O governo do Maranhão afirmou que “o débito em questão refere-se a serviços alegados terem sido prestados no último mês do ano de 2014, durante a gestão anterior, e que permaneceram sem processamento ou pagamento à época. Em 2019, o processo foi reativado e validado para pagamento”. Contudo, não detalhou os critérios que levaram à realização do pagamento em 11 de agosto de 2022.
O vereador Beto Castro foi procurado pela reportagem para esclarecer a versão e sobre o porquê de não ter relatado, no primeiro depoimento, a presença de Daniel Brandão. Ele disse que não se manifestaria.
Cobrador tinha histórico de violência e era comissionado do governo
A vítima João Bosco Pereira era conhecido em São Luís como um “notório cobrador de agiotas” e respondia por outros crimes violentos.
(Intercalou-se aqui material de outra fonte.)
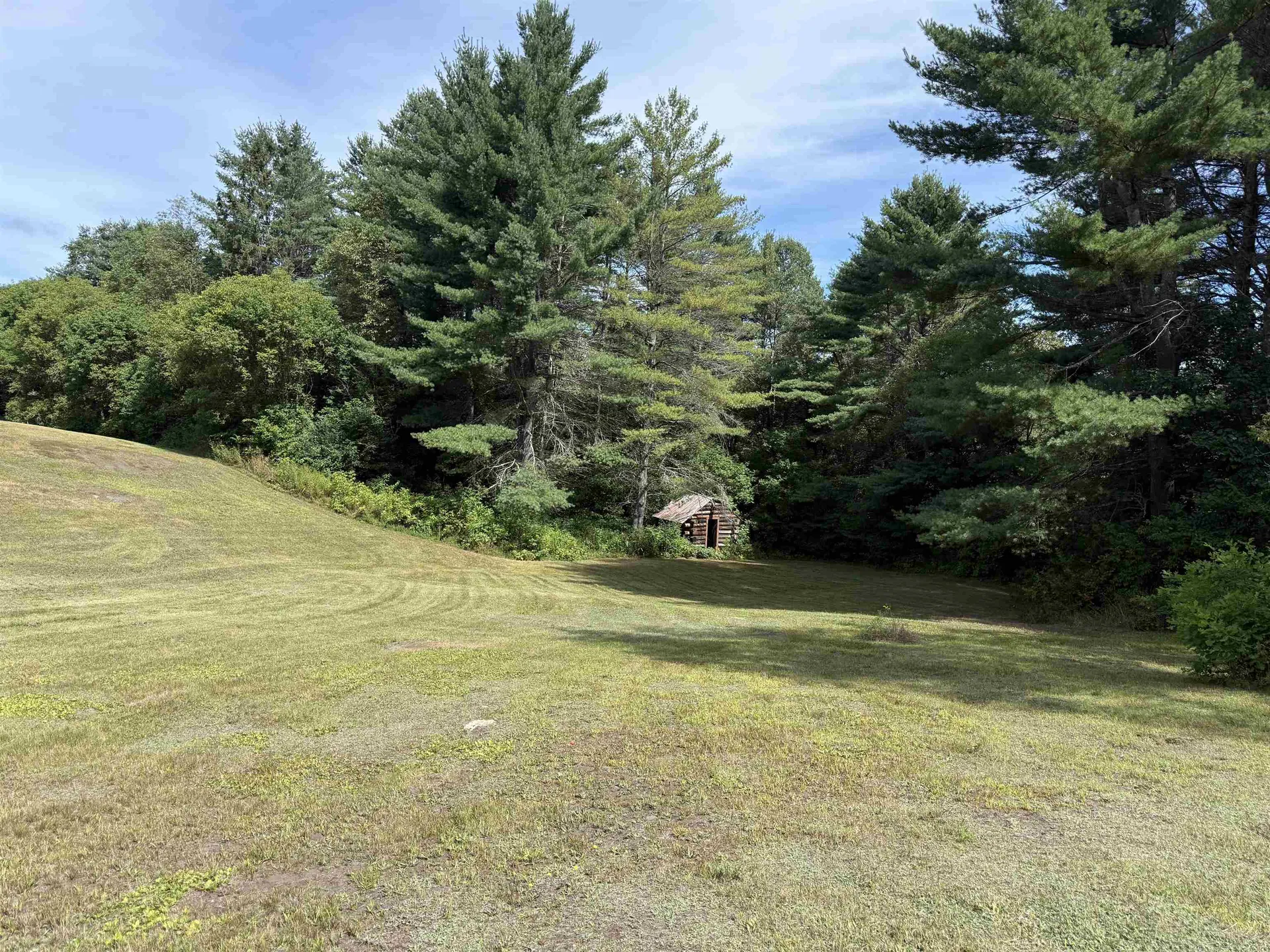 152 Overlook Drive Lyndon VT 05851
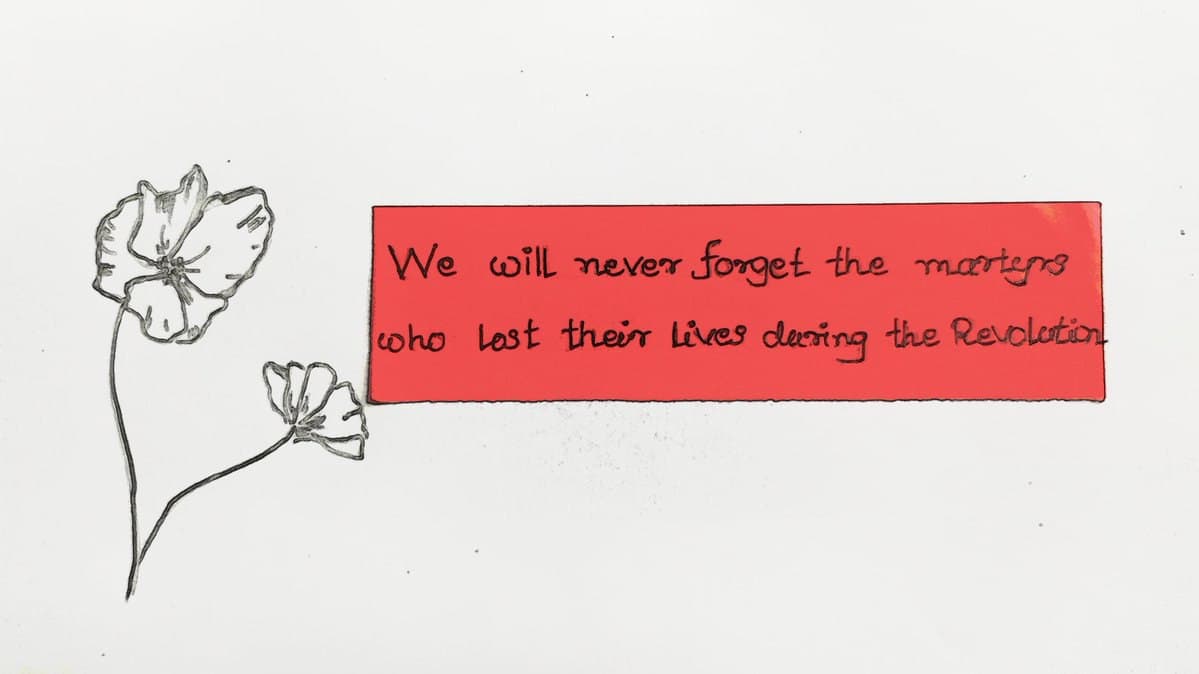 Htet_AungLin_ED's tweet photo. Remembrance Poppy Campaign
#UnfetteredAccessForAids
#June22Coup
#WhatsHappeningInMyanmar https://t.co/d2H2koi9Ka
Em 2020, o então prefeito da capital, Edivaldo Holanda Junior, registrou um boletim de ocorrência dizendo que Bosco estava de campana na porta de sua casa, impedindo entradas e saídas, até que uma suposta dívida fosse paga.
Apesar do histórico, Bosco foi nomeado para o cargo de auxiliar técnico da Secretaria de Estado de Educação, em novembro de 2021. O ato foi assinado pelo então chefe da pasta, Felipe Camarão, hoje vice de Carlos Brandão, com quem é rompido.
Carlos Brandão foi vice-governador por duas vezes de Flávio Dino, hoje ministro do Supremo Tribunal Federal (STF). Hoje ambos são rompidos. A disputa política no Maranhão está polarizada entre aliados de Brandão e antigos aliados de Dino, entre os quais está Felipe Camarão.
Em nota ao Estadão, o vice-governador afirmou que Bosco “preencheu todos os requisitos exigidos” por leis e decretos para a nomeação e que ela foi “aprovada pela Casa Civil”. O comissionado ficou no cargo até o dia em que foi morto.
Disse ainda que o empenho e o pagamento do recurso para a empresa não foram realizados no período em que ele comandou a secretaria. Ele foi substituído quatro meses antes.
O conselheiro Daniel Brandão afirmou que em setembro do ano passado registrou boletim de ocorrência relatando ameaça e tentativa de extorsão por parte da família de Gilbson Junior. Eles teriam pedido vantagem financeira em venda de terras em troca para não relacionarem Daniel com o crime.
O conselheiro, porém, não deu informações sobre os motivos que o levaram a participar da reunião que tratou da dívida criada após o pagamento à empresa credora.
“Rejeito, de forma categórica e veemente, qualquer tentativa de associar minha imagem a práticas ilícitas, por serem falsas, infundadas, destituídas de materialidade e motivadas por interesses políticos. Minha trajetória é pública e transparente, jamais tendo respondido a qualquer processo por condutas ilícitas”, destacou.
Marcus Brandão foi procurado para comentar a acusação de que viabilizou uma mesada à mulher do assassino em troca do silêncio da família. Ele não se manifestou.